Fat Boy knew a lot of business travelers wouldn't get it. What's the big deal about another Marriott? Every place has a Marriott. Moscow has a Marriott. Why should it be news, why should it matter, that Brooklyn had a Marriott?
If you grew up in Brooklyn, you would understand. When you grew up in the fourth-largest city in America, you always made excuses for what wasn't there. Things like hotels and newspapers and airports. Somehow, Brooklyn never had any of the stuff that went with being the fourth-largest city in America.
Yeah, Brooklyn is larger than Philadelphia, but, no, sorry, we don't have a television station. Oh, yeah, absolutely, two million people live here, more than Atlanta, but, no, sorry, there's no newspaper. The Dodgers? Moved to LA, give us a break already. Ebbets Field? Knocked it down 40 freakin' years ago. Don't you know that song--"Oh, there used to be a ballpark right here"--yeah, yeah, that's about Ebbets Field. I guess we could drive by where it used to be. The family? Moved to Jersey or somewhere. No, we don't have a Six Flags or a Busch Gardens, but, you know, your kids would like Coney Island. Hotels? Uh, sorry, all our hotels are in "the City," which is what everybody who ever lived in Brooklyn called Manhattan.

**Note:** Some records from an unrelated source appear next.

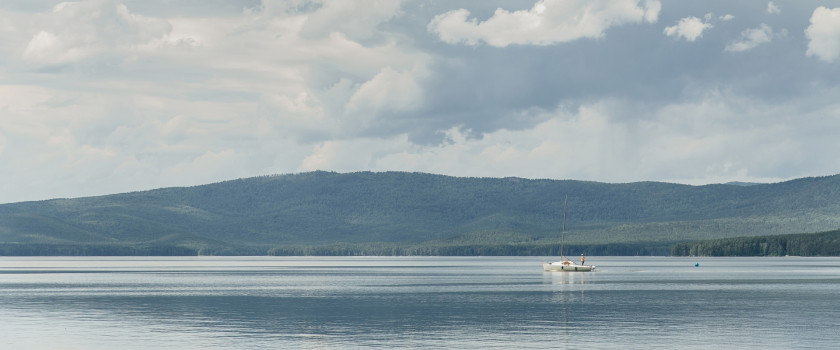 A boat floating in a lake surrounded by mountains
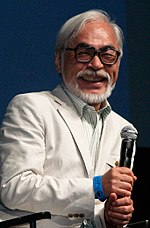 Hayao Miyazaki holding a microphone and laughing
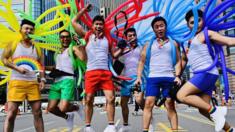 Participants jump in a pose while taking part in the annual gay pride parade in Taipei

That's when Fat Boy the Frequent Flyer realized that he was talking to himself. He shook his head. Silly, he thought. But that's why this damned hotel is so important. It's like two million people climbing on their rooftops and yelling, "Hey, we're still here, we matter, we got a hotel now."

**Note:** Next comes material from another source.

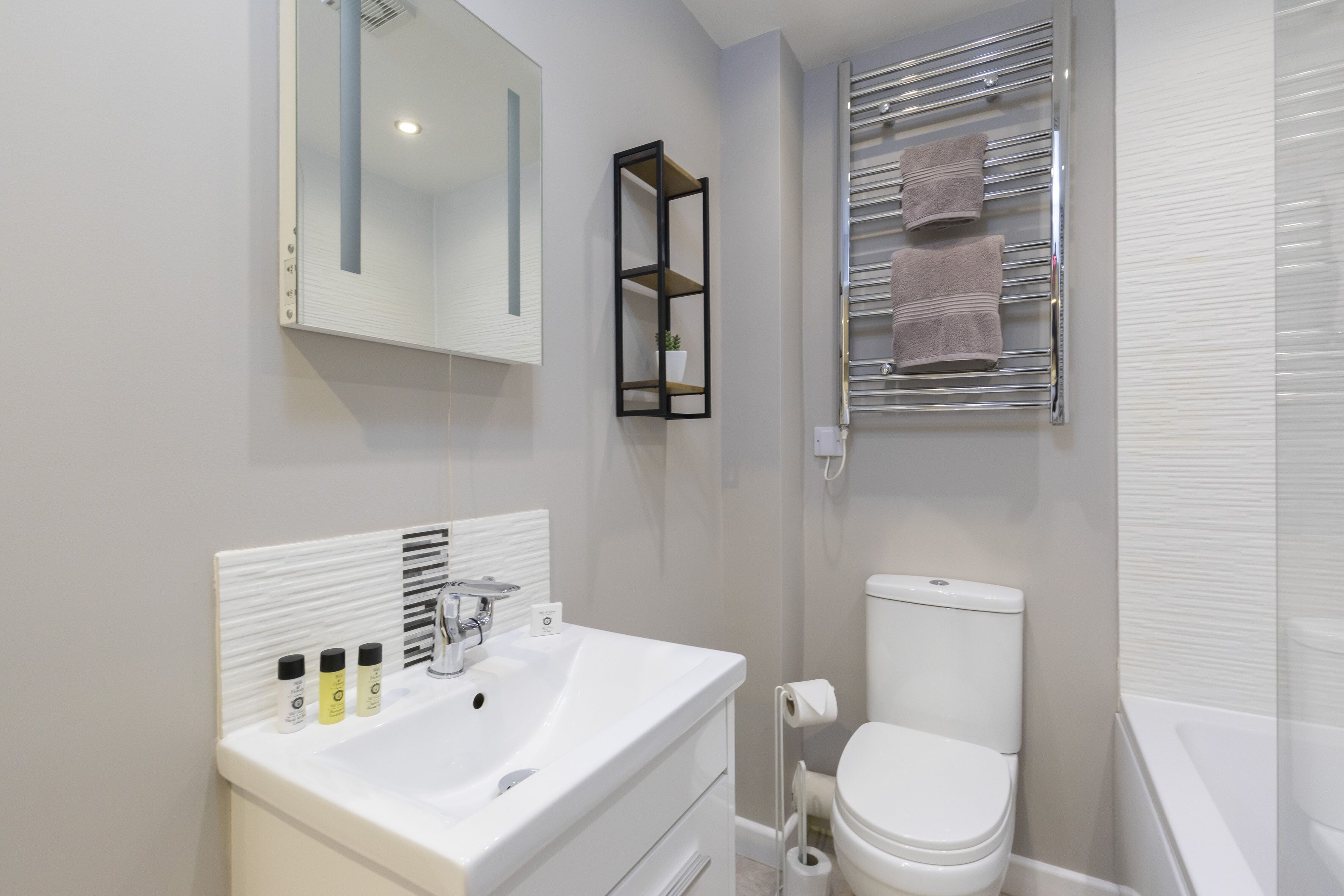 A modern bathroom with a white sink, a mirror, a toilet, and a towel rack.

Fat Boy's reveries ended the moment he pulled up to the hotel--a wide, bright building in a new complex of office towers--and maneuvered his way down into the parking lot.
"Ten dollars," said the distracted attendant.

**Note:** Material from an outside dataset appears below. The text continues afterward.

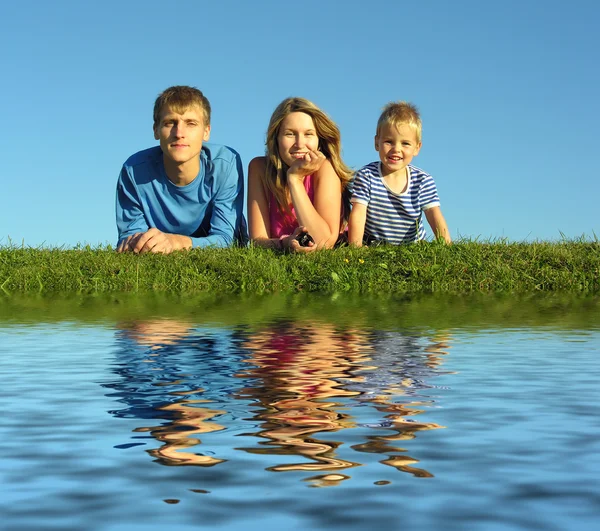 Familie auf Kraut unter blauem Himmel — Stockfoto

"In advance?" asked Fat Boy.
"Yeah, in advance," said the attendant.
"Welcome home," Fat Boy said to himself as he fished for his wallet and found a bill. The attendant handed him a claim check and walked away, so Fat Boy grabbed his briefcase, got out of the Jeep and started walking up the ramp.
"No, no, no," yelled the attendant from behind. "You park yourself. Drive down the ramp, make two right turns and look for a spot."
Fat Boy just smiled. This was Brooklyn, after all. If it were easy, or even logical, it would be no fun at all.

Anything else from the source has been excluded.